With more than 8 million users, 1 billion Uber trips and 160,000+ people driving for Uber across 449 cities in 66 countries – Uber is the fastest growing startup standing at the top of its game. Tackling problems like poor transportation infrastructure in some cities, unsatisfactory customer experience, late cars, poor fulfilment, drivers denying to accept credit cards and more –Uber has “eaten the world” in less than 5 years and is a remarkable name to reckon when it comes to solving problems for people in transportation.
If you have ever booked an Uber, you might know how simple the process is –just press a button, set the pickup location, request a car, go for a ride and pay with a click of a button. The process is simple but there is a lot going on behind the scenes. The secret key driving growth of the $51 billion start-up, is the big data it collects and leverages for insightful and intelligent decision making. While Uber moves people around the world without owning any cars, data moves Uber. With the foundation to build the most intelligent company on the planet by completely solving problems for riders –Big Data and Data Science are at the heart of everything Uber does - surge pricing, better cars, detecting fake rides, fake cards, fake ratings, estimating fares and driver ratings. Read on to understand how Uber makes clever use of big data and data science to reinvent transportation and logistics globally.
Big Data at Uber
“Uber lives or dies by data. Their overall mission and their sustainability is completely dependent on how good their data is. The more data they can collect, the more information they can derive from patterns and behaviours. Their ability to increase profits is all dependent on that.”- said Spencer, a former Uber driver.

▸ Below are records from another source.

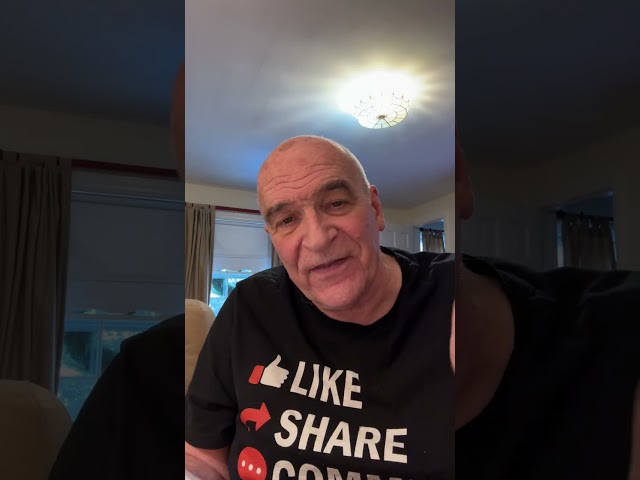 My new #pokemon giveaway has just started - Golden Pokeball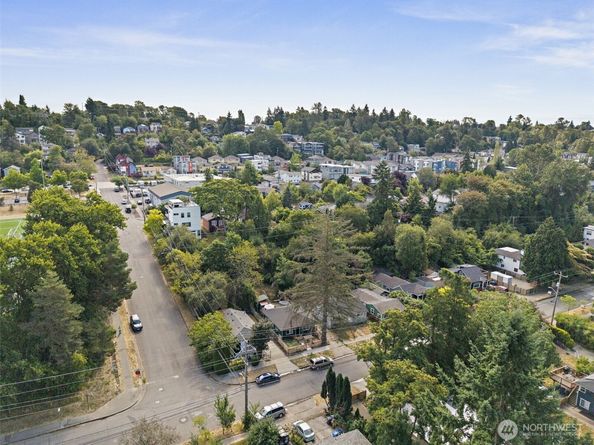 4700 26th Avenue SW, Seattle WA 98106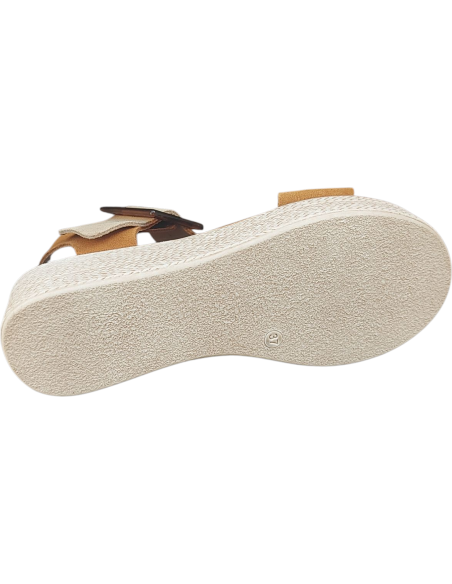 SANDALIA HEBILLA KMN CON PLATAFORMA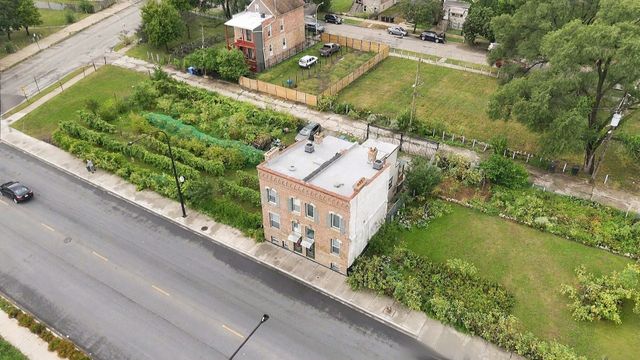 24 S Sacramento Boulevard, Chicago, IL 60612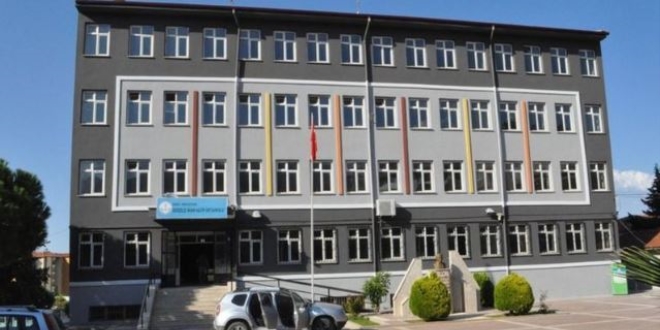 'Yeterli öğrenci kayıt yaptırmadı, ortaokul açılamadı'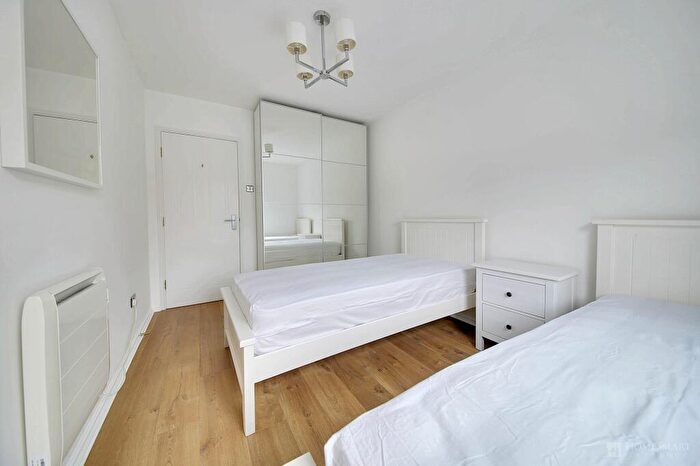 2 Bedroom Apartment To Rent In Waterloo Quay, Waterloo Road, L3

There is no need to look for a local taxi or to tip a bellman for the ride, you are just a click away from a high quality customer experience with Uber’s revolutionizing data driven business model. Data is the biggest asset for Uber and its complete business model is based on the big data principle of crowdsourcing. Anybody with a car willing to help someone get to a desired location can offer help in getting them there.
If you would like more information about Data Science careers, please click the orange "Request Info" button on top of this page.
It is tricky to get sufficient details on Uber’s big data infrastructure but we have some interesting information here about Uber’s big data. Uber’s data is collected in a Hadoop data lake and it uses spark and hadoop to process the data. Uber’s data comes from a range of data types and databases like SOA database tables, schema less data stores and the event messaging system, Apache Kafka.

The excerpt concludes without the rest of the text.